Recent revelations from internal meetings at Meta, the parent company of Facebook and Instagram, have shed light on discussions among managers, lawyers, and engineers regarding the potential acquisition of Simon & Schuster to procure books for training the company’s artificial intelligence (AI) tools.
The recordings, shared with the New York Times by an employee of Meta, offer insights into deliberations on leveraging the renowned publishing house’s extensive catalog to enhance AI training, prompting ethical and legal considerations.
According to the recordings spanning March to April 2023, Meta personnel convened on a near-daily basis to explore avenues for acquiring additional data to train AI models. Discussions included the possibility of purchasing Simon & Schuster, with some participants contemplating paying $10 per book for licensing rights to new titles.

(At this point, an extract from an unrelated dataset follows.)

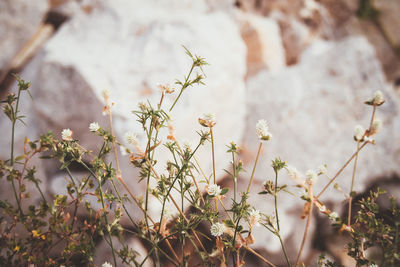 Close-up of white flowering plants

Simon & Schuster, a prominent player in the English-speaking publishing landscape and part of the esteemed “Big Five” alongside Penguin Random House, HarperCollins, Hachette, and Macmillan, boasts a roster of distinguished authors such as Stephen King, Colleen Hoover, and Bob Woodward.

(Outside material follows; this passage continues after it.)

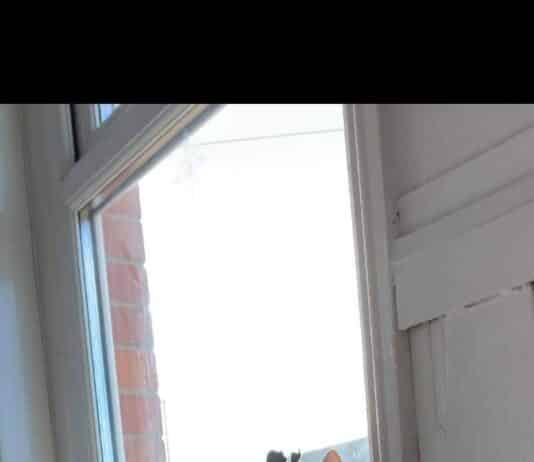 Collar your cat to save wildlife!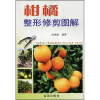 

柑橘整形修剪图解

The prospect of Meta acquiring Simon & Schuster arose following Paramount Global’s announcement in March 2020 of its intent to divest the publishing house. Despite an aborted merger attempt with Penguin Random House, Simon & Schuster was ultimately sold to private equity firm KKR in August 2023.
Ahmad Al-Dahle, Meta’s vice president of generative AI, reportedly informed executives that the company had exhausted nearly all available English-language literary content on the internet for AI training purposes, prompting the search for new data sources.
Employees acknowledged using text sources without permission and contemplated expanding these practices despite potential legal ramifications. Concerns raised by a lawyer regarding the ethical implications of using copyrighted intellectual property were met with silence.
Additionally, discussions revealed Meta’s employment of contractors in Africa to aggregate summaries of copyrighted fiction and non-fiction texts, raising further ethical and legal questions regarding data collection practices.
Maria A Pallante, president of the Association of American Publishers, expressed skepticism about Simon & Schuster’s willingness to entertain such a sale, questioning Meta’s intentions and its potential impact on authors and contractual agreements.
In a related development, California federal judge Vince Chhabria dismissed a portion of a copyright lawsuit filed by comedian Sarah Silverman and other authors against Meta over the use of copyrighted books in training its AI system LLaMA. Chhabria cast doubt on claims that the AI models’ outputs significantly resembled the authors’ works, underscoring ongoing debates surrounding AI and intellectual property rights.